*WHAT YOU WILL DO:* Write out, word for word and with no pictures, each line below from the one containing "2017 Ford Fusion" through the one containing "Кожени обувки TEODOR", both included, and no other line.

*RECORDS TO PROCESS:*
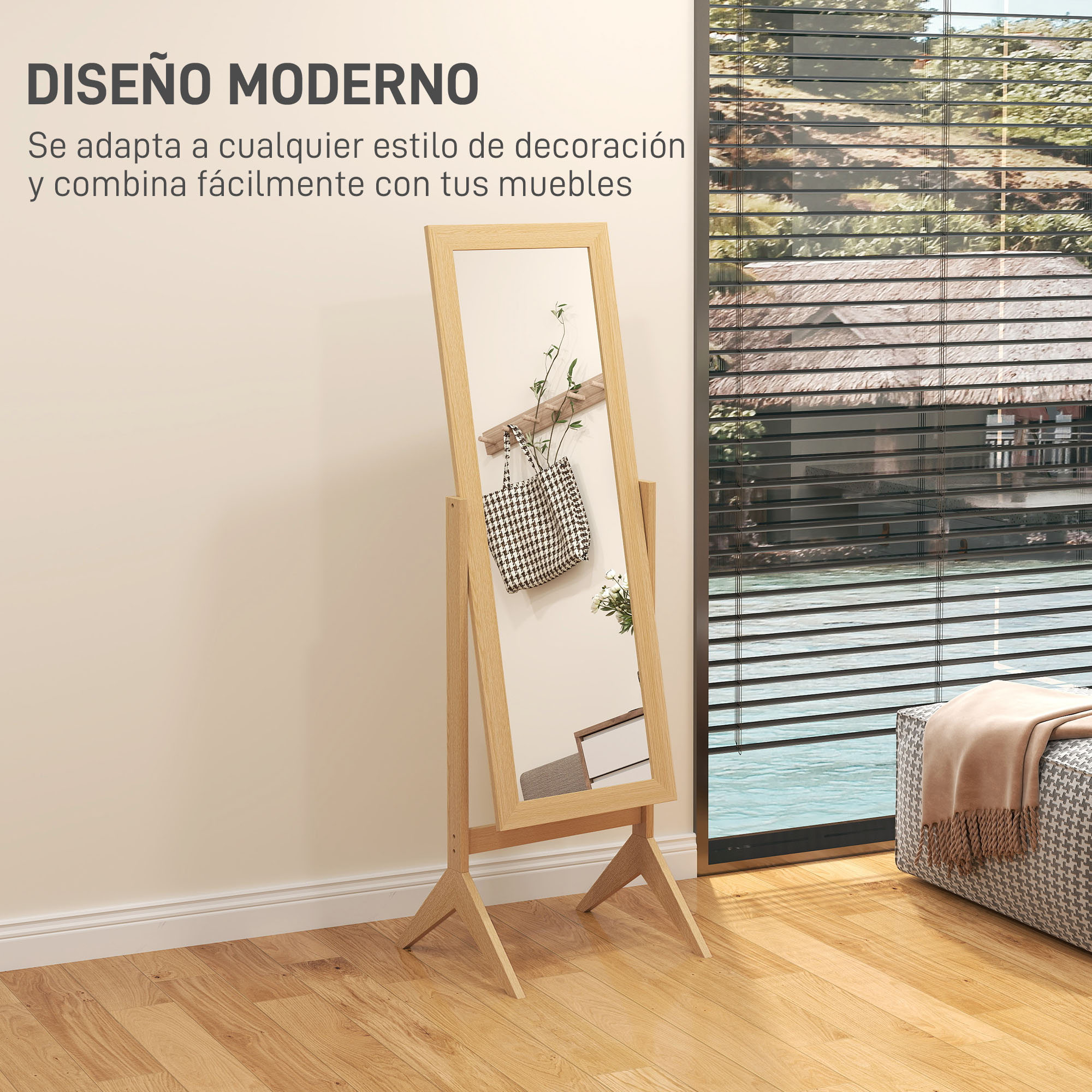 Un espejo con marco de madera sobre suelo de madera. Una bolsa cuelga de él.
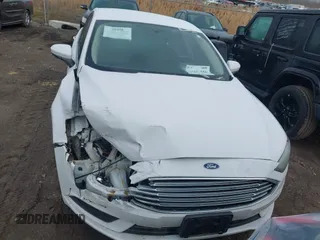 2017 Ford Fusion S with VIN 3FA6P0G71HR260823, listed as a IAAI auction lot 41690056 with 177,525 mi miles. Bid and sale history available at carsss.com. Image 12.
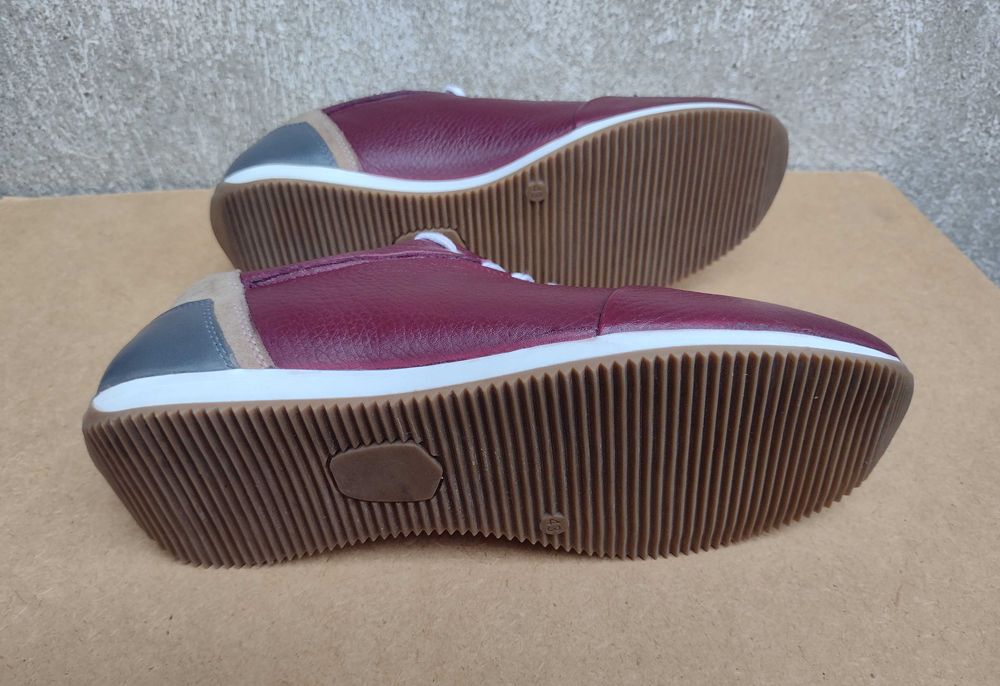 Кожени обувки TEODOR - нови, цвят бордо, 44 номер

==

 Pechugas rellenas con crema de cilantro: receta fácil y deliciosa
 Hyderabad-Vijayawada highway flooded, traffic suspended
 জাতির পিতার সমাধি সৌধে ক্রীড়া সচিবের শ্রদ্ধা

*OUTPUT OF THE TASK:*
 2017 Ford Fusion S with VIN 3FA6P0G71HR260823, listed as a IAAI auction lot 41690056 with 177,525 mi miles. Bid and sale history available at carsss.com. Image 12.
 Кожени обувки TEODOR - нови, цвят бордо, 44 номер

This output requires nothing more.